Given that clinical electroencephalography (EEG) is cost-effective, non-invasive, and informative, quite a few researchers have attempted to retrieve neural markers from the recordings to study the progression and differentiation of MCIs (Moretti et al., Reference Moretti, Frisoni, Fracassi, Pievani, Geroldi, Binetti, Rossini and Zanetti2011, Reference Moretti, Zanetti, Binetti and Frisoni2012, Babiloni et al., Reference Babiloni, Del Percio, Lizio, Noce, Cordone, Lopez, Soricelli, Ferri, Pascarelli, Nobili, Arnaldi, Fama, Aarsland, Orzi, Buttinelli, Giubilei, Onofrj, Stocchi, Stirpe, Fuhr, Gschwandtner, Ransmayr, Caravias, Garn, Sorpresi, Pievani, D'antonio, De Lena, Guntekin, Hanoglu, Basar, Yener, Emek-Savas, Triggiani, Franciotti, Frisoni, Bonanni and De Pandis2017). For example, Moretti et al. explored the theta/gamma and alpha3/alpha2 ratios to identify MCI patients who progressed to AD (or not) (Moretti et al., Reference Moretti, Frisoni, Fracassi, Pievani, Geroldi, Binetti, Rossini and Zanetti2011). Babiloni et al. found that the posterior alpha2 and alpha3 may possess diagnostic values in distinguishing MCI patients of AD from PD origins (Babiloni et al., Reference Babiloni, Del Percio, Lizio, Noce, Cordone, Lopez, Soricelli, Ferri, Pascarelli, Nobili, Arnaldi, Fama, Aarsland, Orzi, Buttinelli, Giubilei, Onofrj, Stocchi, Stirpe, Fuhr, Gschwandtner, Ransmayr, Caravias, Garn, Sorpresi, Pievani, D'antonio, De Lena, Guntekin, Hanoglu, Basar, Yener, Emek-Savas, Triggiani, Franciotti, Frisoni, Bonanni and De Pandis2017). The results are modest but promising, and their prospective and predictive values have been addressed (Moretti et al., Reference Moretti, Zanetti, Binetti and Frisoni2012). This study developed novel neural markers from (resting) EEG to differentiate ADMCI and nonADMCI based on two well-acknowledged observations, that is, background slowing and early abnormality in the posterior cingulate cortex (PCC). In brief, we hypothesised that compared with nonADMCI, the spectral ratios of alpha1 to delta and to theta in the PCC were lower for ADMCI, detailed below.

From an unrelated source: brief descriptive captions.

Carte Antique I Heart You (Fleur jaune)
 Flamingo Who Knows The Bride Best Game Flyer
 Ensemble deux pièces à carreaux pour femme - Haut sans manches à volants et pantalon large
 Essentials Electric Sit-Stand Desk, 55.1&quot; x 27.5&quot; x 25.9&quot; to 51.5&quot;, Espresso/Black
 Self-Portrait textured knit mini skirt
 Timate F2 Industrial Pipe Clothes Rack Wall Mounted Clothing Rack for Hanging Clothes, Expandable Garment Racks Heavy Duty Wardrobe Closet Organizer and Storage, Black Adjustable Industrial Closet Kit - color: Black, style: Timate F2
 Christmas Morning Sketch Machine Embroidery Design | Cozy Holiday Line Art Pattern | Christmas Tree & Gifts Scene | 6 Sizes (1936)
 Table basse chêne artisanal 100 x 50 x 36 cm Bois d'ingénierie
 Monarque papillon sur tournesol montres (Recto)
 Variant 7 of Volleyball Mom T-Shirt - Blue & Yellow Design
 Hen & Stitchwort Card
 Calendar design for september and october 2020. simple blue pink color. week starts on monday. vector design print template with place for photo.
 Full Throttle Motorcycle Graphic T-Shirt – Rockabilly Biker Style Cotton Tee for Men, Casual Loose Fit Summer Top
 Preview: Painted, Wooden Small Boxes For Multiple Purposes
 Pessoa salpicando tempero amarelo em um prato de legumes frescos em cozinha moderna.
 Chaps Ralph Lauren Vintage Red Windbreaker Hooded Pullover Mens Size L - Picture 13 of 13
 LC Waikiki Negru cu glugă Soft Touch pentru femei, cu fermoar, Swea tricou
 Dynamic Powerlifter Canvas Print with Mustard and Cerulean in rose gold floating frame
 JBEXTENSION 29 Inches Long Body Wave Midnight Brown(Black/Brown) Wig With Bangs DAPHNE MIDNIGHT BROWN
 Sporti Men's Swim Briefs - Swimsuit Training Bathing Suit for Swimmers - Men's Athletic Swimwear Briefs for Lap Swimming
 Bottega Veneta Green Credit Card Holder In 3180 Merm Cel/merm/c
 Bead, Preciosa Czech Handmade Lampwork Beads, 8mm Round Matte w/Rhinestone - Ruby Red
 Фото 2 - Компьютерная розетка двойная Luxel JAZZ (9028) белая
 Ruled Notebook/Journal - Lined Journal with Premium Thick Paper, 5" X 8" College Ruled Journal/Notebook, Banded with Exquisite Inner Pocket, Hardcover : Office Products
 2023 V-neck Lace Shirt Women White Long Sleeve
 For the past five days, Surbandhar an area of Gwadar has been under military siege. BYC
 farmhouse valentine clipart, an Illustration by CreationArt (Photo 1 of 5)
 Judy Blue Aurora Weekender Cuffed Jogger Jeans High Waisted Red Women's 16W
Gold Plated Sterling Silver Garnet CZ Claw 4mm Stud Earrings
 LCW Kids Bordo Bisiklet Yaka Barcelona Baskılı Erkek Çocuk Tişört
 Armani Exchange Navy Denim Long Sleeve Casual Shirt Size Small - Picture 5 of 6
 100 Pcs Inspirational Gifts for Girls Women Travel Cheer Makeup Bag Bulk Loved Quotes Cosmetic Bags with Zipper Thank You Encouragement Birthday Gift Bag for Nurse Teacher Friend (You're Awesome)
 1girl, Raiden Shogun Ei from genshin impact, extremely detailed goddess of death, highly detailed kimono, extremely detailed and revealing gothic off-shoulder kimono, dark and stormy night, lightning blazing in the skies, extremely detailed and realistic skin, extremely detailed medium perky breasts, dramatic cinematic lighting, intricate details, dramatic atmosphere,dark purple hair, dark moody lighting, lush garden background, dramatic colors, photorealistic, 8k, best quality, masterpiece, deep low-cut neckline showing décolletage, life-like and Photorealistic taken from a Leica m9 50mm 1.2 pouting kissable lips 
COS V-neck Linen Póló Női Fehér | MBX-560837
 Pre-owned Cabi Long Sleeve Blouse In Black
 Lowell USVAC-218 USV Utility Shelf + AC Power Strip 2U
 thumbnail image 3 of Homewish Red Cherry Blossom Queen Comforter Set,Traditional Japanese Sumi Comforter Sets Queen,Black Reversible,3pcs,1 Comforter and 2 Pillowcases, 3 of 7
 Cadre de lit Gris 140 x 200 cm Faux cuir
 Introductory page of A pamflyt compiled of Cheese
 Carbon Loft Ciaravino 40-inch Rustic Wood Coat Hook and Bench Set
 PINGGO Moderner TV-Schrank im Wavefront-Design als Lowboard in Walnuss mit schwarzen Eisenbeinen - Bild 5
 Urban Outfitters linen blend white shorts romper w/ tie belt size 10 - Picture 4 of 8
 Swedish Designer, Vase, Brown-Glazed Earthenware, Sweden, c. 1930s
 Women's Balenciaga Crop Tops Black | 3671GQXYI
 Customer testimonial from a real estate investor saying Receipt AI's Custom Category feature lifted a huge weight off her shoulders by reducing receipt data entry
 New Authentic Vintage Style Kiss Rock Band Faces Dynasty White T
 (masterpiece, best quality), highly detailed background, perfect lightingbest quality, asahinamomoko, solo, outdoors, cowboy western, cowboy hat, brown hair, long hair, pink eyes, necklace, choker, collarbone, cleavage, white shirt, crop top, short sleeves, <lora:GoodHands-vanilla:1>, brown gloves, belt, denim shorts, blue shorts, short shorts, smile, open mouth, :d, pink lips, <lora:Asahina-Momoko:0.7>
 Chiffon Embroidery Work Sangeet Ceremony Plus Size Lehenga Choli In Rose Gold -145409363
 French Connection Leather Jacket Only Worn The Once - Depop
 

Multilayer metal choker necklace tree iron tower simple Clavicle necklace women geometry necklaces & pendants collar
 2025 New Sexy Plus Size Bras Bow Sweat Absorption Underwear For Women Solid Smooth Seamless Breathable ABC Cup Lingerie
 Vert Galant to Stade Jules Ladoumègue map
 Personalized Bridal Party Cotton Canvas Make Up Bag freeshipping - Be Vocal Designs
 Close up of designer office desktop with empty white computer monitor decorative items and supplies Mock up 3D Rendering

Background slowing is a non-specific condition for neurodegenerative disorders, which is associated with enhanced spectral power in the theta and/or delta frequencies. Babiloni et al. observed attenuated posterior alpha power, especially at alpha1, in amnestic MCI patients, named “alpha deterioration” (Babiloni et al., Reference Babiloni, Del Percio, Lizio, Marzano, Infarinato, Soricelli, Salvatore, Ferri, Bonforte, Tedeschi, Montella, Baglieri, Rodriguez, Fama, Nobili, Vernieri, Ursini, Mundi, Frisoni and Rossini2014). In addition, it is recognised that abnormality in posterior part of default-mode network (DMN), especially PCC as a key hub, occurs early during the disease course of AD (Caselli and Reiman, Reference Caselli and Reiman2013). For example, positron emission tomography (PET) scans revealed reduced glucose metabolism in the PCC, inferior parietal cortex (IPC), and middle temporal gyrus (MTG) (Del Sole et al., Reference Del Sole, Clerici, Chiti, Lecchi, Mariani, Maggiore, Mosconi and Lucignani2008, Marcus et al., Reference Marcus, Mena and Subramaniam2014). Put the evidence together, we surmised that neural markers by taking the spectral ratios of alpha1 to theta and to delta (widening the between group differences) in the PCC (incorporating network information; region of interest [ROI]) may help boosting the diagnostic power.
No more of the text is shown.